Problem to work on:
Output the lines below exactly, please, from the first line until the line with "Modern living and", counting both.

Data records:
----
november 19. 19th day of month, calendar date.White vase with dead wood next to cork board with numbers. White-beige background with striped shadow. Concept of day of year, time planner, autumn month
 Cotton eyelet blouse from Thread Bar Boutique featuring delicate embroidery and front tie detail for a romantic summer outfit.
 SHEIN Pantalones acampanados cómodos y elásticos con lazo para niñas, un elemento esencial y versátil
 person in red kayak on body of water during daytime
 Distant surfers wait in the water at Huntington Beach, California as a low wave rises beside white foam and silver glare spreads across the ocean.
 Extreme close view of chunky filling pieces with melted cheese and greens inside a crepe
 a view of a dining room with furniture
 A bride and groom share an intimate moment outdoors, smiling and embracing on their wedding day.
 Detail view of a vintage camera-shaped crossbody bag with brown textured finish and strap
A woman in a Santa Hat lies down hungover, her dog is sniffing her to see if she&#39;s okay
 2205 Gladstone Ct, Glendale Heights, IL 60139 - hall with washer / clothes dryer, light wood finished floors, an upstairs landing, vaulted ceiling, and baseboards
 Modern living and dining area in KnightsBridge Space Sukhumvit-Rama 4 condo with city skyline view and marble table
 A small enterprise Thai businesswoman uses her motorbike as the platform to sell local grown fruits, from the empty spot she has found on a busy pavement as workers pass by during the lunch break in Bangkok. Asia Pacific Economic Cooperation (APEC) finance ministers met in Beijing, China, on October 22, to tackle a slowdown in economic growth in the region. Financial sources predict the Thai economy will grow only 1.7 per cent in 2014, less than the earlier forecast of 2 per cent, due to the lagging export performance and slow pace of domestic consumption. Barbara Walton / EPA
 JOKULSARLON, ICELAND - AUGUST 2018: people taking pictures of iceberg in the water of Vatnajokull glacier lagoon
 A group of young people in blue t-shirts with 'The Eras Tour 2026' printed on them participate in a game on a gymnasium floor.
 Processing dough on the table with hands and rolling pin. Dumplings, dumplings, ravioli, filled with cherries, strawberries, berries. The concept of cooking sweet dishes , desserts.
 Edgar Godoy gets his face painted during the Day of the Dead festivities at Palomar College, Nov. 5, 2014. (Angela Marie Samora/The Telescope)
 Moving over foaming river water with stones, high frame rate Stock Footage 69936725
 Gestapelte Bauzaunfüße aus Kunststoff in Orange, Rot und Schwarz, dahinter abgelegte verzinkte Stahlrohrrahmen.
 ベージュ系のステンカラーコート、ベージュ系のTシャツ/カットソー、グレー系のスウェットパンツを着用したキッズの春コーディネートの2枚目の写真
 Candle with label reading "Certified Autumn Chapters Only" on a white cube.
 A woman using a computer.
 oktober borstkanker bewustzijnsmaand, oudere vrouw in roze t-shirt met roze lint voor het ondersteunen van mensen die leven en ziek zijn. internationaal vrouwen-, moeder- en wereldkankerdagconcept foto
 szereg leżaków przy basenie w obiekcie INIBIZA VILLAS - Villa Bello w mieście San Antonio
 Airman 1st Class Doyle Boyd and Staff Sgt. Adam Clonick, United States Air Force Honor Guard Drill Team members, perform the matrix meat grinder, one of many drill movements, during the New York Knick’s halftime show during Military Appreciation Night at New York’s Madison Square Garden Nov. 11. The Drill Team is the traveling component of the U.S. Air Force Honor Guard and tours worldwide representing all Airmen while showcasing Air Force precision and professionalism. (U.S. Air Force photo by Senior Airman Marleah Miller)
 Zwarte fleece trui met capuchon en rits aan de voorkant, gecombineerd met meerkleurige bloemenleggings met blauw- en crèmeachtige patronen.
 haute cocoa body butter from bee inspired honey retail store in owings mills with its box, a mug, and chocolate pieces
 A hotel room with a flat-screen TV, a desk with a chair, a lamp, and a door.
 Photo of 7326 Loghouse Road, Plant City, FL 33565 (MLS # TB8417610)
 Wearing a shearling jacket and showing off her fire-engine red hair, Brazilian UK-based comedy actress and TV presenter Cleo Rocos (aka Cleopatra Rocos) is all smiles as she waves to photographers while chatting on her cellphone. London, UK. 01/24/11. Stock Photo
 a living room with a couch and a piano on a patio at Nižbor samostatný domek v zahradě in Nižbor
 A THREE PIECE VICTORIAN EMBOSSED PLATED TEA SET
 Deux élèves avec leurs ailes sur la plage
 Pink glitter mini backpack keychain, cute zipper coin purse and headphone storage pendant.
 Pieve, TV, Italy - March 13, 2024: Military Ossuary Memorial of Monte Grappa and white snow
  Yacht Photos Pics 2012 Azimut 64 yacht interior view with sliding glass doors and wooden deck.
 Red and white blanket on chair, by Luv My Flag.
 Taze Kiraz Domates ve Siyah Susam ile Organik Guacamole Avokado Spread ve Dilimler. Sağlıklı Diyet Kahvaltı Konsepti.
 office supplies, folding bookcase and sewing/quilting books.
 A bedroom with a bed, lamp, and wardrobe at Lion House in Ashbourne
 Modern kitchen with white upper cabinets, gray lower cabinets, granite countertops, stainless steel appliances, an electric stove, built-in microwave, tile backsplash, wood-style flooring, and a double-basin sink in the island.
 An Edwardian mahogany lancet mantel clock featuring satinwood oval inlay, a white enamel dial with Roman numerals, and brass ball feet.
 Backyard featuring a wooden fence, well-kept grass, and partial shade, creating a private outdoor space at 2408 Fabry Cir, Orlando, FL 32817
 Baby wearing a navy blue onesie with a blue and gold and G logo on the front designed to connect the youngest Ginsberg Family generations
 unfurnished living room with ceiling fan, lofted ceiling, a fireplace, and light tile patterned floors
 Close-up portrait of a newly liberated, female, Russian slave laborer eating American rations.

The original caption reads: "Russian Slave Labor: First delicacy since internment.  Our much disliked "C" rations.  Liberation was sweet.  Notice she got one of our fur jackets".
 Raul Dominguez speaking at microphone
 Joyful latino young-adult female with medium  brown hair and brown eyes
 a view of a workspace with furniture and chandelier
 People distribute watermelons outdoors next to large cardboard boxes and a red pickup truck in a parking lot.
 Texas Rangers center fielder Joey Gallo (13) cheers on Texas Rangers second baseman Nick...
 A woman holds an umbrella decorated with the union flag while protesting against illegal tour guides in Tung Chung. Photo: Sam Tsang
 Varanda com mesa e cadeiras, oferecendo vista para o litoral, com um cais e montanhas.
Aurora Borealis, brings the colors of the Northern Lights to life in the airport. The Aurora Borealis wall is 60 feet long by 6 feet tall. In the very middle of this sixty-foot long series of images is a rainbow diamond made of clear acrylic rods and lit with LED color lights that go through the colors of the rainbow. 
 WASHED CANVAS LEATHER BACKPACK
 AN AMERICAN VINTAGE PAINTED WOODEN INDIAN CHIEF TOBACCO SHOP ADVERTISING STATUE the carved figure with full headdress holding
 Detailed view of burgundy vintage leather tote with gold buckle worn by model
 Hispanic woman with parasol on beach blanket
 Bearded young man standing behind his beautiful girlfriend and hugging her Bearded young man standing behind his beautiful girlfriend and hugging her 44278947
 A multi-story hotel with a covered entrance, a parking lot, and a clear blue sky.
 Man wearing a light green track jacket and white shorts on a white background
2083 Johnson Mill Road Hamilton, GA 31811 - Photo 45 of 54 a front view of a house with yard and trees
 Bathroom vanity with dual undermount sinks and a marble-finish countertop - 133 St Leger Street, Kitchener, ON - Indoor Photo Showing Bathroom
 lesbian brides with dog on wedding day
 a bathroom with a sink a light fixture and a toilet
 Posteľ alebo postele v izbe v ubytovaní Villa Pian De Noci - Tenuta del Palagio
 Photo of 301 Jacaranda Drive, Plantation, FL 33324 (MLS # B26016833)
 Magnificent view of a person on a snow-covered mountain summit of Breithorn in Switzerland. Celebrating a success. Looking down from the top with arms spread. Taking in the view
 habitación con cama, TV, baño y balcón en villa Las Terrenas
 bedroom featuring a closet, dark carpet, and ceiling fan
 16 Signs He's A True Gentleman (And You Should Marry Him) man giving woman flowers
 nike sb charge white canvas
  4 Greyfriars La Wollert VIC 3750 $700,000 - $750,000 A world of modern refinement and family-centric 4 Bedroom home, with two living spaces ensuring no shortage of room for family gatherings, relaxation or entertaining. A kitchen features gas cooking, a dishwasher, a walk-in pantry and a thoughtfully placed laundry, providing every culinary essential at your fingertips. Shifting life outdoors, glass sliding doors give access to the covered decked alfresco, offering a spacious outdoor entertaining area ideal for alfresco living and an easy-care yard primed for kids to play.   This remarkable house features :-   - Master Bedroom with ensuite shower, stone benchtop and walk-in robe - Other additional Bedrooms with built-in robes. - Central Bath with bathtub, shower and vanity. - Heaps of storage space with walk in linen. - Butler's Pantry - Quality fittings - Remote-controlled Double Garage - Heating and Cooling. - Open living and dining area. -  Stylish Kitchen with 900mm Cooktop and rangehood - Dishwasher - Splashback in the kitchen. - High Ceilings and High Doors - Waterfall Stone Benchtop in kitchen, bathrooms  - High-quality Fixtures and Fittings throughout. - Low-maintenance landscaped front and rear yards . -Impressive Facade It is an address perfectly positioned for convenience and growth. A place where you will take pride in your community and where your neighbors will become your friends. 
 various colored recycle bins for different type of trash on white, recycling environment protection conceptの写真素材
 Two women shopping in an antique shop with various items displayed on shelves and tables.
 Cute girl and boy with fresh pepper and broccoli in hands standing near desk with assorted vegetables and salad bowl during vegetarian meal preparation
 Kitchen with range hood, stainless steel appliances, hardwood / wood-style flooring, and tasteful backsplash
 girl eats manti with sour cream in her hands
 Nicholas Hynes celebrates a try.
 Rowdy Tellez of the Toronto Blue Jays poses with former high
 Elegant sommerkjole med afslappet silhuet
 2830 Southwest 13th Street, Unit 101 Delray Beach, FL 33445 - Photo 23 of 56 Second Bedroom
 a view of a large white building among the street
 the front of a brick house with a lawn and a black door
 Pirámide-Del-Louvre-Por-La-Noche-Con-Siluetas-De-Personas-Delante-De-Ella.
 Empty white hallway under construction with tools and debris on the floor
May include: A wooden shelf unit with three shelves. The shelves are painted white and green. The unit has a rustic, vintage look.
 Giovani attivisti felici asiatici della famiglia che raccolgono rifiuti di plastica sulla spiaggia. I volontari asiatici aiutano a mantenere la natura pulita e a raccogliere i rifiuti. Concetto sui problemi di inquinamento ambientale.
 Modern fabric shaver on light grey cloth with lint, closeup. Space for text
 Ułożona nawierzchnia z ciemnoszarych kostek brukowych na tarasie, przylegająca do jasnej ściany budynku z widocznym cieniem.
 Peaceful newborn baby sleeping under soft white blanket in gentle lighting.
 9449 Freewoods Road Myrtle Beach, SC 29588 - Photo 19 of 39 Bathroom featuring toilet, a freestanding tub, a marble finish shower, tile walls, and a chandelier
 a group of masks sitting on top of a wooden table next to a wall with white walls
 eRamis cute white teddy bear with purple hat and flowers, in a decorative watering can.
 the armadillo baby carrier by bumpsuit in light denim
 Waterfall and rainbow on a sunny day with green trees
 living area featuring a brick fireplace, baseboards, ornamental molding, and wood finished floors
----
Output for this exercise:
november 19. 19th day of month, calendar date.White vase with dead wood next to cork board with numbers. White-beige background with striped shadow. Concept of day of year, time planner, autumn month
 Cotton eyelet blouse from Thread Bar Boutique featuring delicate embroidery and front tie detail for a romantic summer outfit.
 SHEIN Pantalones acampanados cómodos y elásticos con lazo para niñas, un elemento esencial y versátil
 person in red kayak on body of water during daytime
 Distant surfers wait in the water at Huntington Beach, California as a low wave rises beside white foam and silver glare spreads across the ocean.
 Extreme close view of chunky filling pieces with melted cheese and greens inside a crepe
 a view of a dining room with furniture
 A bride and groom share an intimate moment outdoors, smiling and embracing on their wedding day.
 Detail view of a vintage camera-shaped crossbody bag with brown textured finish and strap
A woman in a Santa Hat lies down hungover, her dog is sniffing her to see if she&#39;s okay
 2205 Gladstone Ct, Glendale Heights, IL 60139 - hall with washer / clothes dryer, light wood finished floors, an upstairs landing, vaulted ceiling, and baseboards
 Modern living and dining area in KnightsBridge Space Sukhumvit-Rama 4 condo with city skyline view and marble table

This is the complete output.